◆ **Task description**: Please set down only the lines from the one containing "Active Termites on Recruit® HD Bait" through the end of the entries below, exactly, minus any pictures.

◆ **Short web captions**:
◆ ◆ ◆

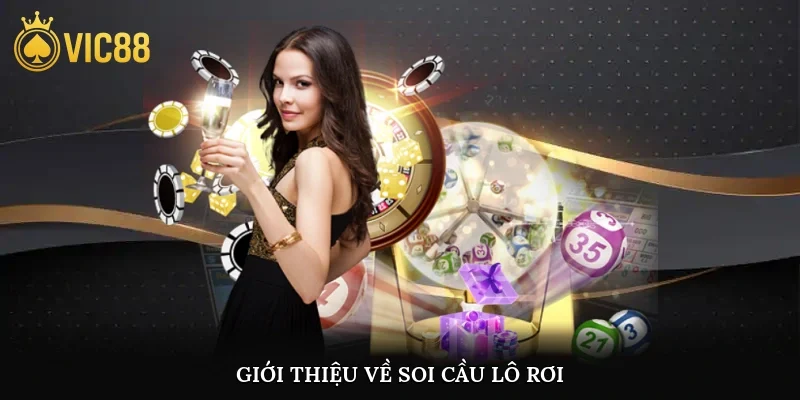 Giới thiệu về soi cầu lô rơi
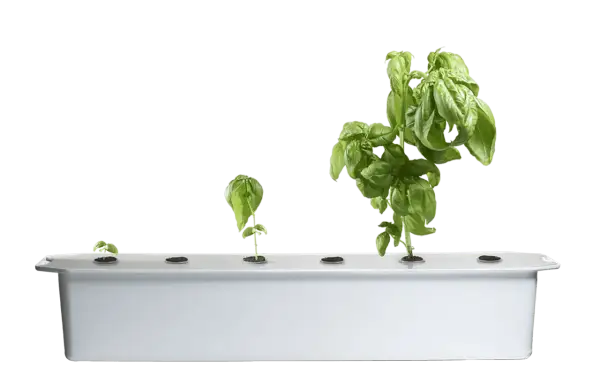 Fyra basilika plantor i olika stadier av tillväxt, från liten planta till frodig buske, i ett hydroponiskt system. En illustration av hur man kan odla basilika i vatten.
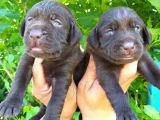 Labrador Yavruları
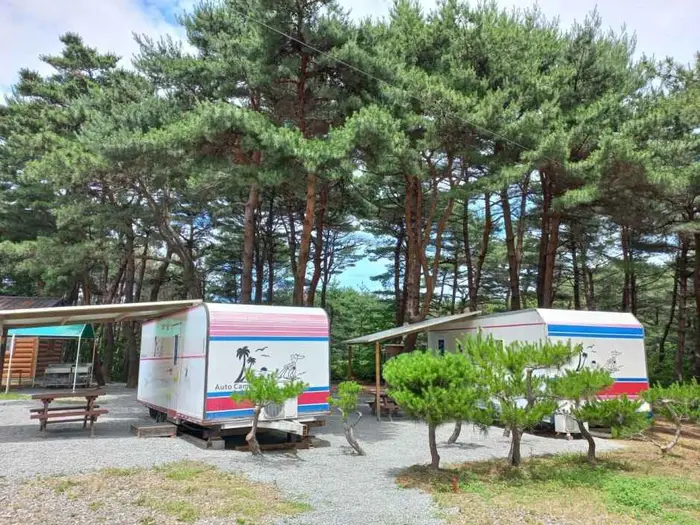 양양 솔바다 캠핑장 · 레포츠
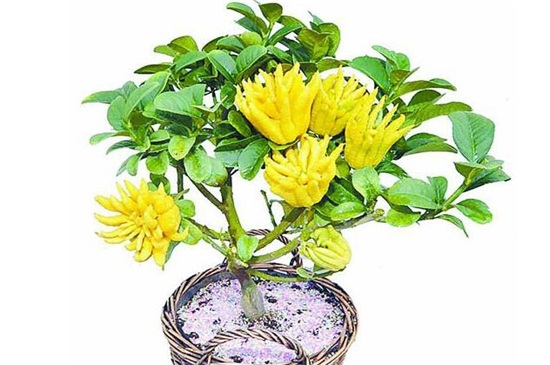佛手花如何繁殖,扦插/嫁接/压条繁殖及养护要点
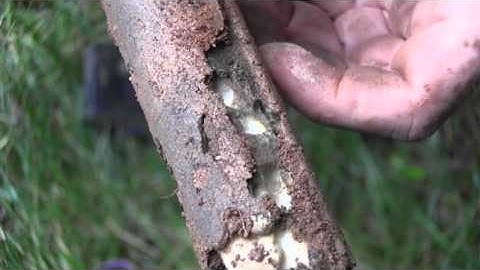 Active Termites on Recruit® HD Bait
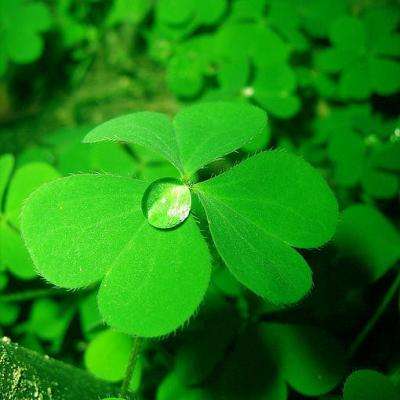 微博-随时随地发现新鲜事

◆ ◆ ◆

◆ **Answer to this task**:
 Active Termites on Recruit® HD Bait
 微博-随时随地发现新鲜事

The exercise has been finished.